══ Records to use
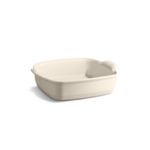 Plat carre Ultime en ceramique 28x24 cm Blanc Argile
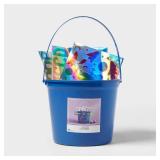 8\"x9\" Round Plastic Easter Bucket with Stickers Dark Blue - Spritzâ¢
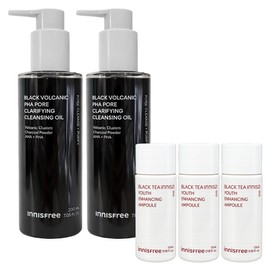 Innisfree Black Volcanic Pahar Pore Cleansing Oil 2pcs + Black Tea Ampoule 15mlx3pcs free / 이니스프리 블랙 화산송이 파하 모공 클렌징 오일 2개+블랙티앰플 15mlx3개 증정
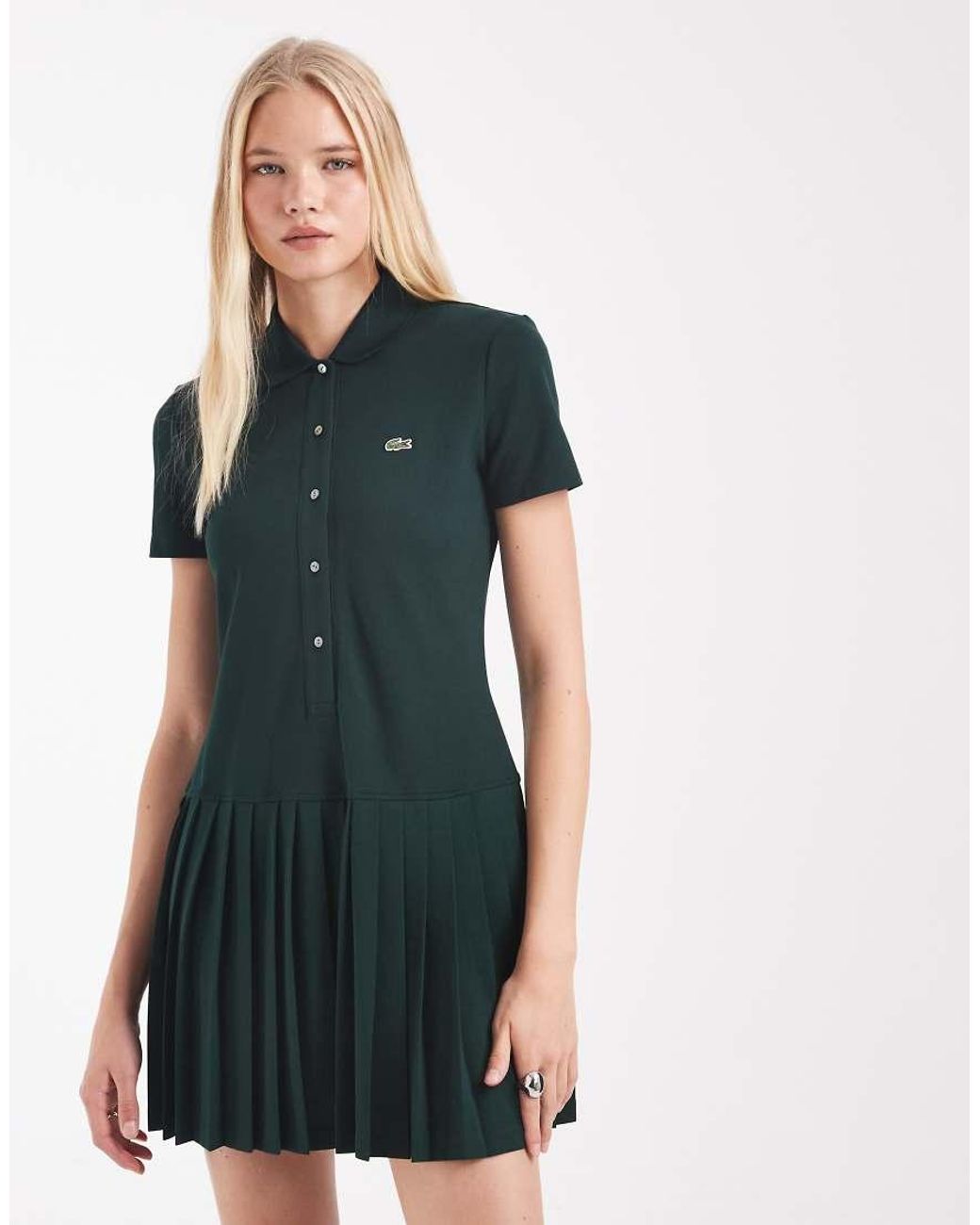 Lacoste Blue Pleated Skirt Pique Polo Dress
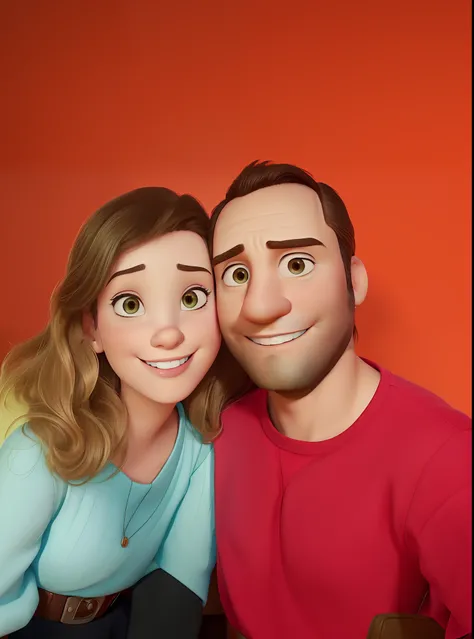 Disney Pixar style poster where there is a man and a woman who are posing for a photo, Directed by: Nandor Soldier, Casal feliz, retrato de casal, retrato de casais, imagem de perfil, imagem do avatar, Retrato de duas pessoas, casal sorridente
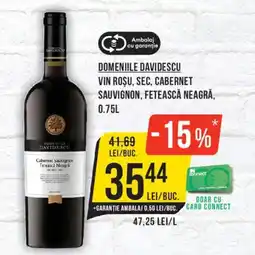 Mega Image Domeniile Davidescu vin roșu sec cabernet sauvignon fetească neagră Ofertă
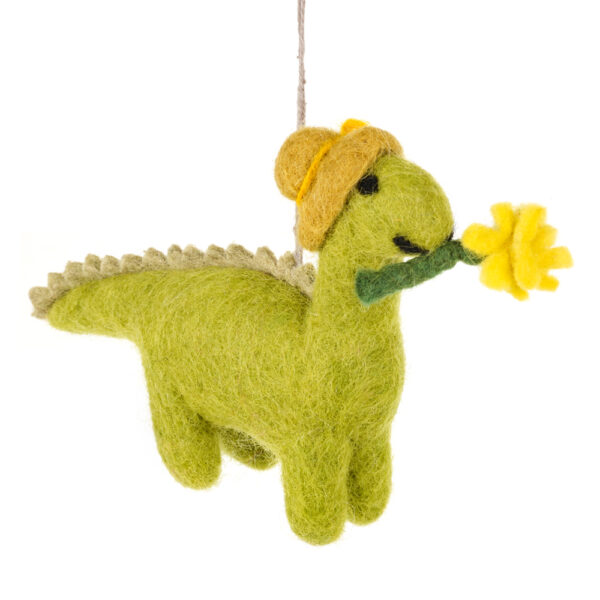 Handmade Felt Daphne Dinosaur Hanging Decoration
════
§ **What is expected**: Reproduce the final stretch of lines exactly: the line containing "Disney Pixar style" through the last line of the data, both included. Pictures do not belong in the copy.

§ **Response box**:
 Disney Pixar style poster where there is a man and a woman who are posing for a photo, Directed by: Nandor Soldier, Casal feliz, retrato de casal, retrato de casais, imagem de perfil, imagem do avatar, Retrato de duas pessoas, casal sorridente
 Mega Image Domeniile Davidescu vin roșu sec cabernet sauvignon fetească neagră Ofertă
 Handmade Felt Daphne Dinosaur Hanging Decoration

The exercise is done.